# Drag adjusting on a spinning reel while casting?



## Danman (Dec 13, 2007)

I will be using an ocean master 10000 spinning reel this year using 6 oz weight...Do I adjust the drag tight or loose while casting this big boy with live bait?


----------



## Sudsrat (Dec 25, 2005)

Definitly very tight while casting,especially if you're using braid.
If you're spiking the rod,loosen up the drag as to not lose your outfit and/or a good fish!
If you're holding the rod while fishing bait(recommended)the drag can be a bit tighter.


----------



## ffemtreed (Mar 29, 2007)

When casting tight tight tight as Sudsrat said. 

How you set it after the cast all depends on what type of fishing you are doing and what type of rigs you are using! 

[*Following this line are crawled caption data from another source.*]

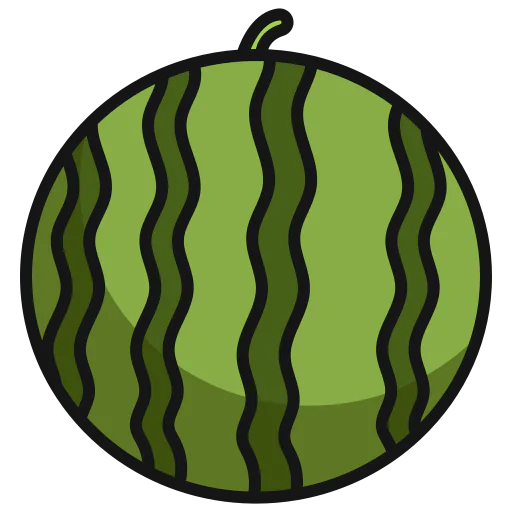 Watermelon icon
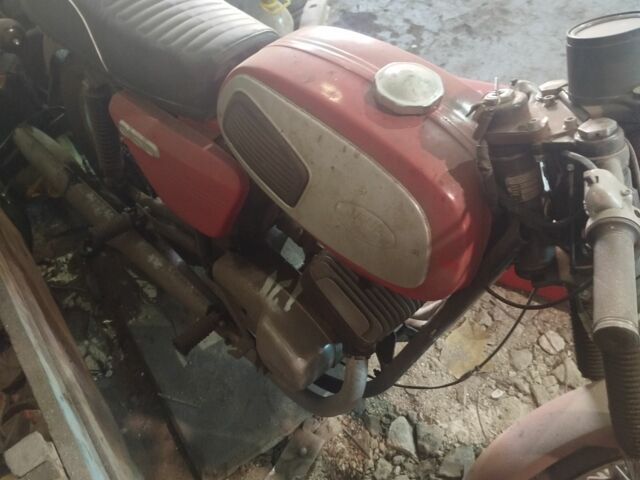 ЯВА Другая, объемом двигателя 0.25 л и пробегом 0 тыс. км за 650 $, фото 6 на Automoto.ua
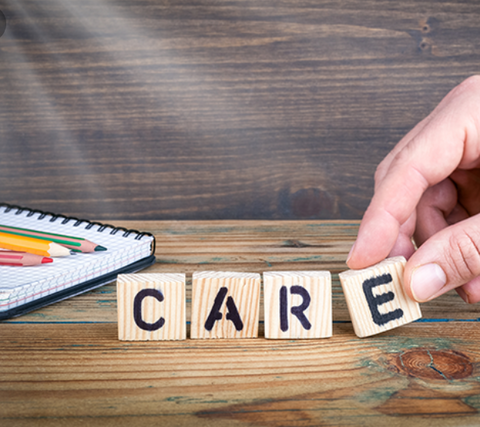 Creating Care in the Classroom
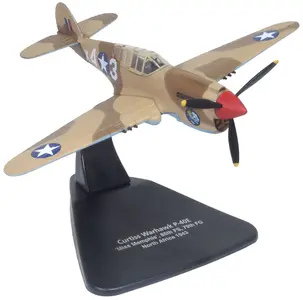 US Army Curtiss P40-F Warhawk X43 (Oxford Aviation 1:72)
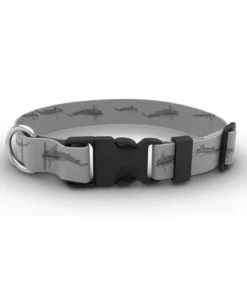 ACCESSORIES Rep Your Water Trout Country Dog Collar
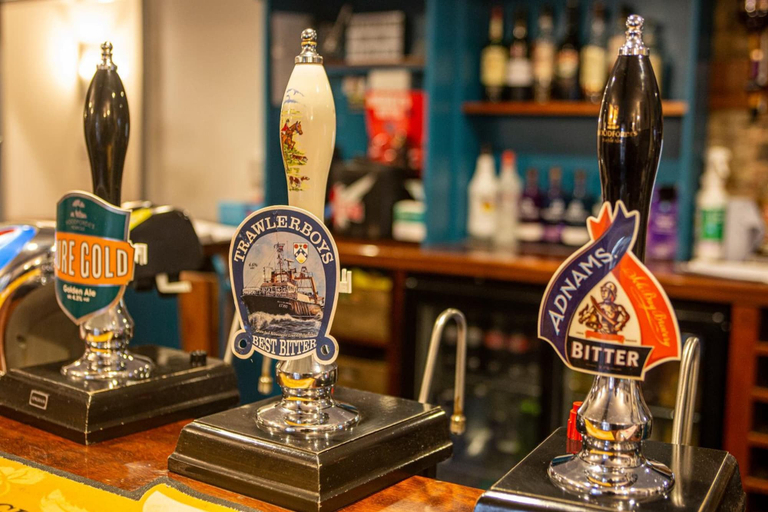 Food & Drinks 5, Sutton Staithe Hotel, Norfolk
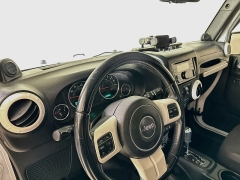 Used 2013  Jeep Wrangler Unlimited 4d Convertible Sport at Dutro Auto near Zanesville&comma; OH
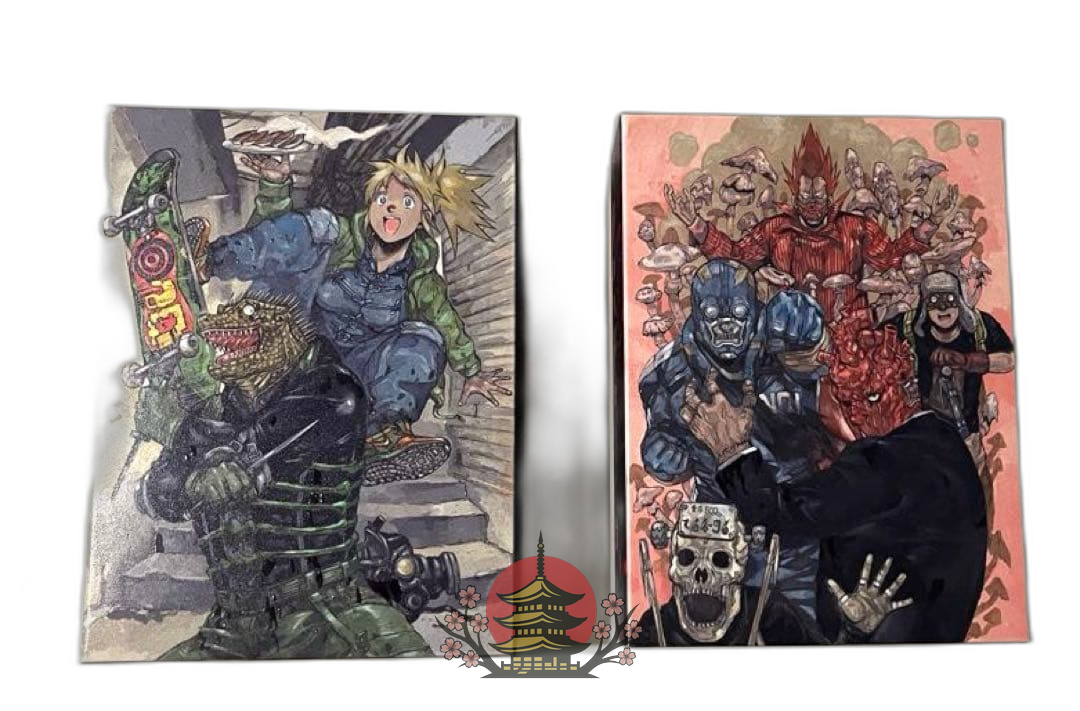 Anime Blu-Ray Box 2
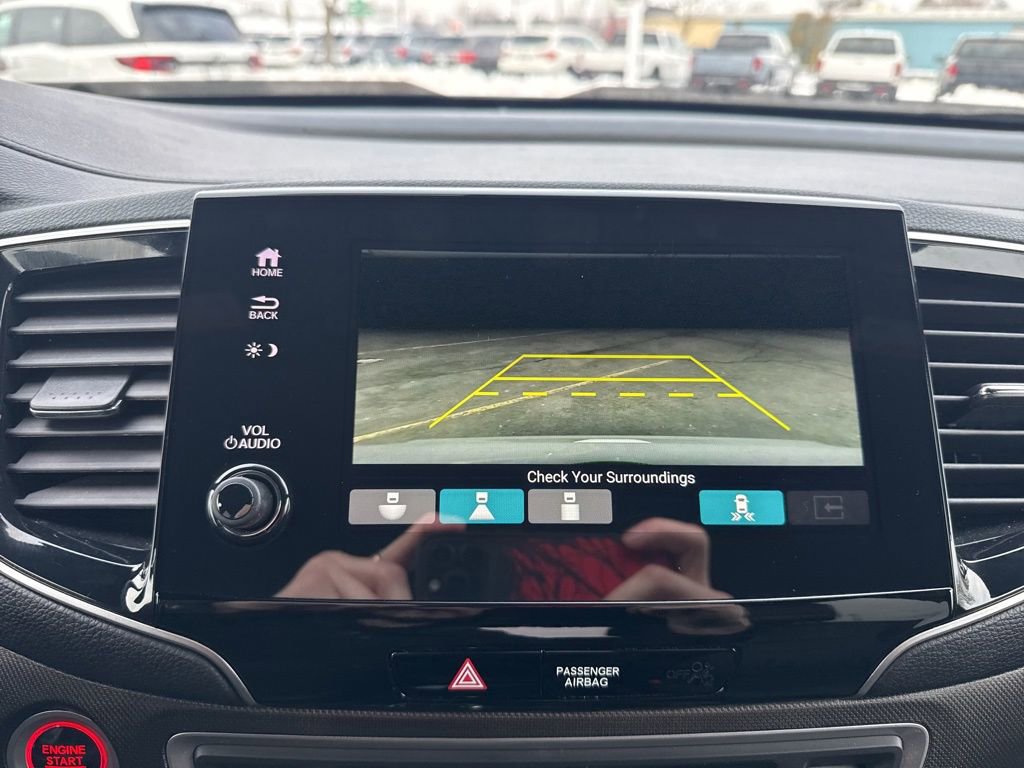 Certified 2023 Honda Passport TrailSport image 37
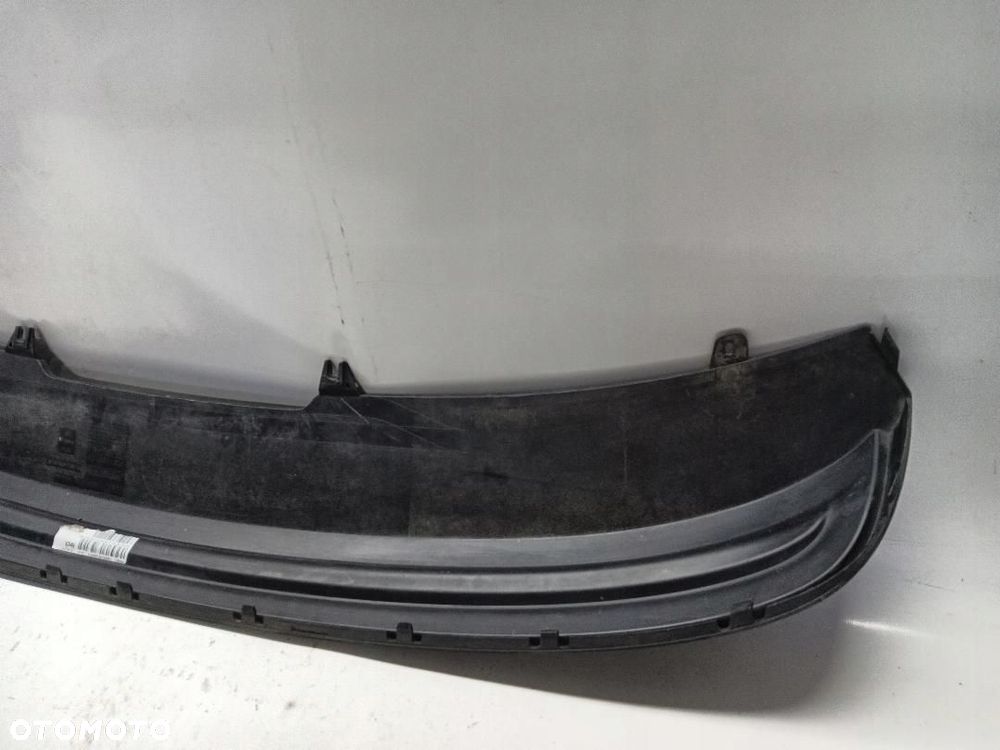 SPOJLER DOKŁADKA TYLNA AUDI A4 B9 OE 8W0807521 - 6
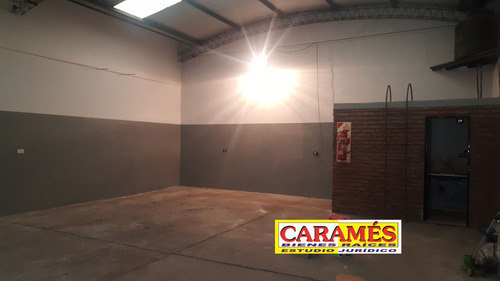 Galpon En Venta En Lanús Oeste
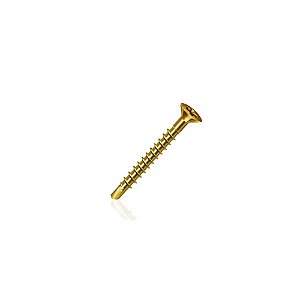 Parafuso Placa Cimenticia Sem Asa Escariador 4,0 x 40mm JOMARCA 28640 - 500Pçs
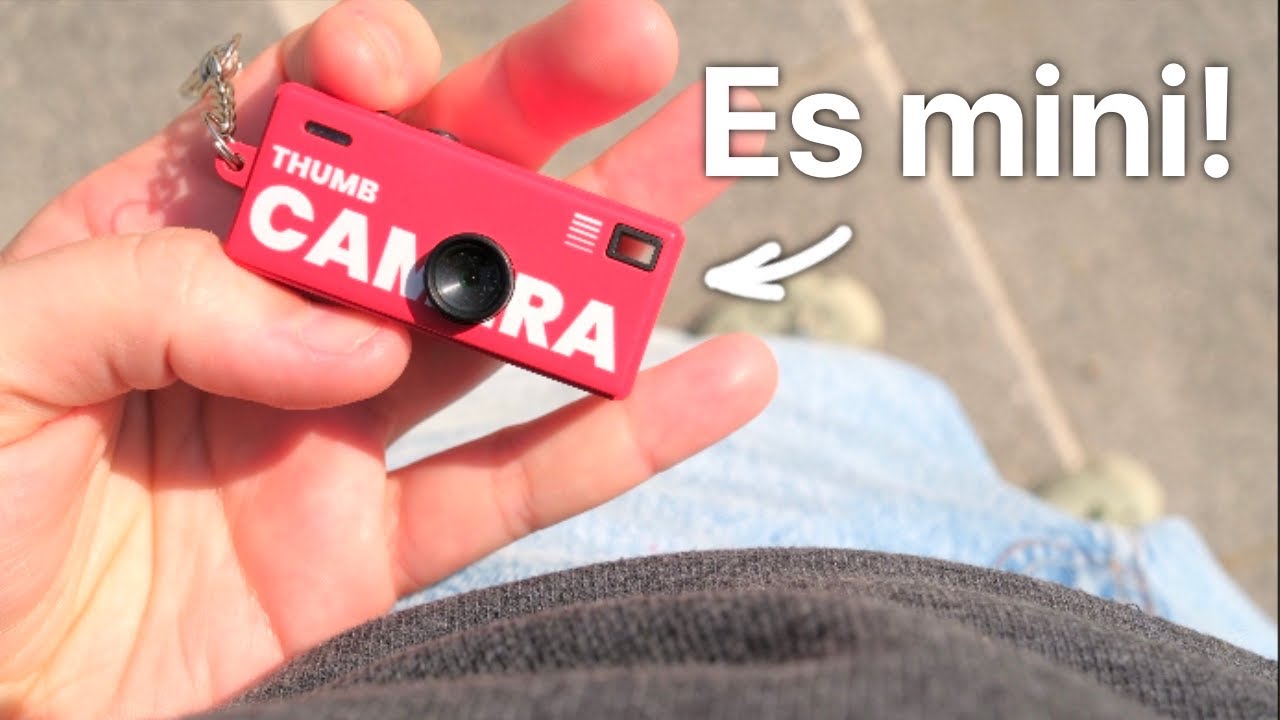 ¿Por qué todos quieren esta mini cámara en 2026? | Kodak Chamera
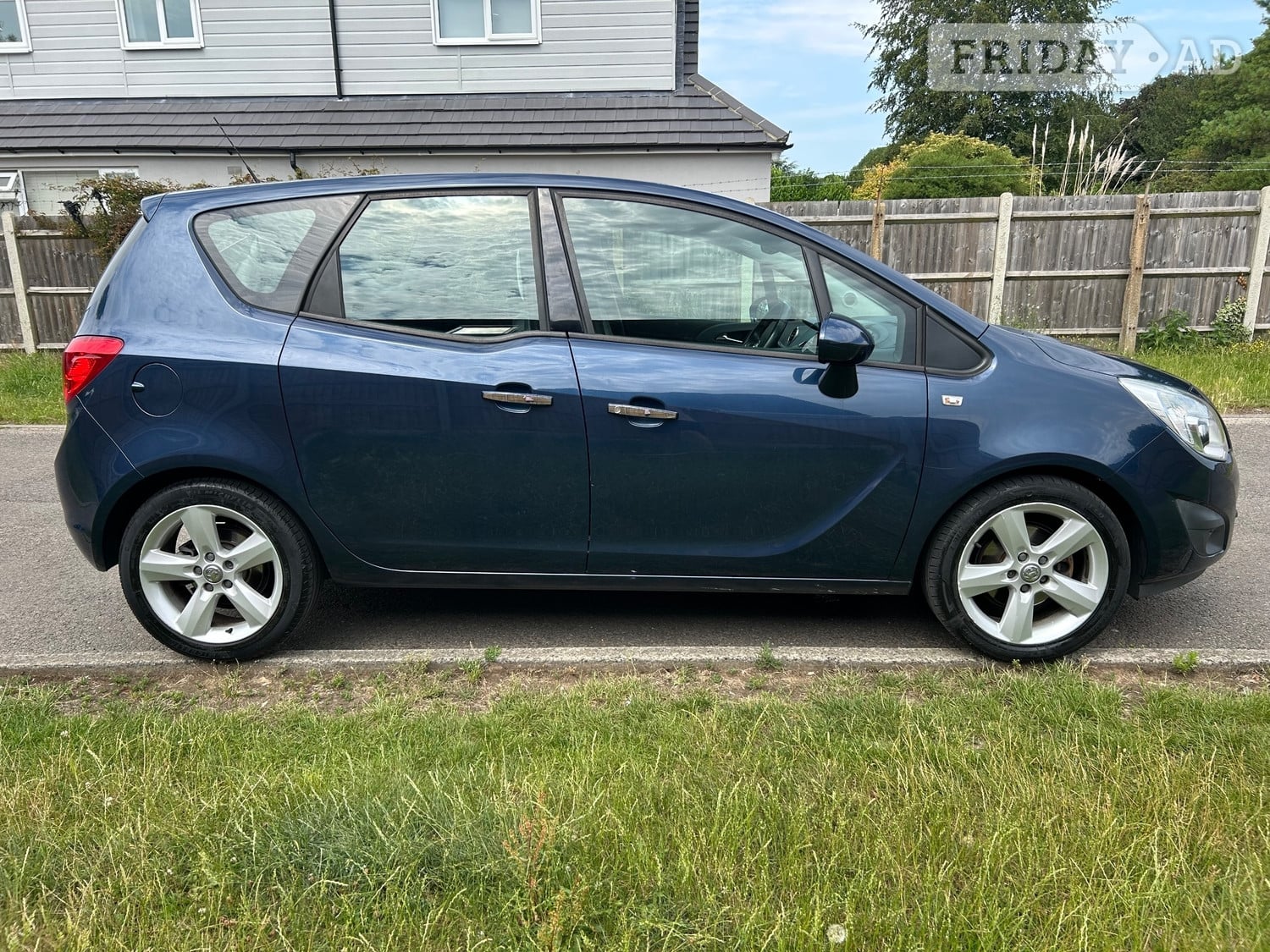 Vauxhall Meriva Gillingham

I don't use spinning reels often anymore, but the next best thing to sliced bread is a baitrunner feature on those reels, esp when you spiking your rod and bait fishing! Not good for lure/jig fishing though, just adds too much weight to the reel.


----------



## eric (Oct 24, 2007)

lockdown drag tight..


----------



## Stevie Wonder (Apr 20, 2007)

Sudsrat said:


> Definitly very tight while casting,especially if you're using braid.
> If you're spiking the rod,loosen up the drag as to not lose your outfit and/or a good fish!
> If you're holding the rod while fishing bait(recommended)the drag can be a bit tighter.


Ditto.


----------



## eric (Oct 24, 2007)

i have yet to see someone hold a deadstick..
i see people holding everything else. even boobies to moobies.


----------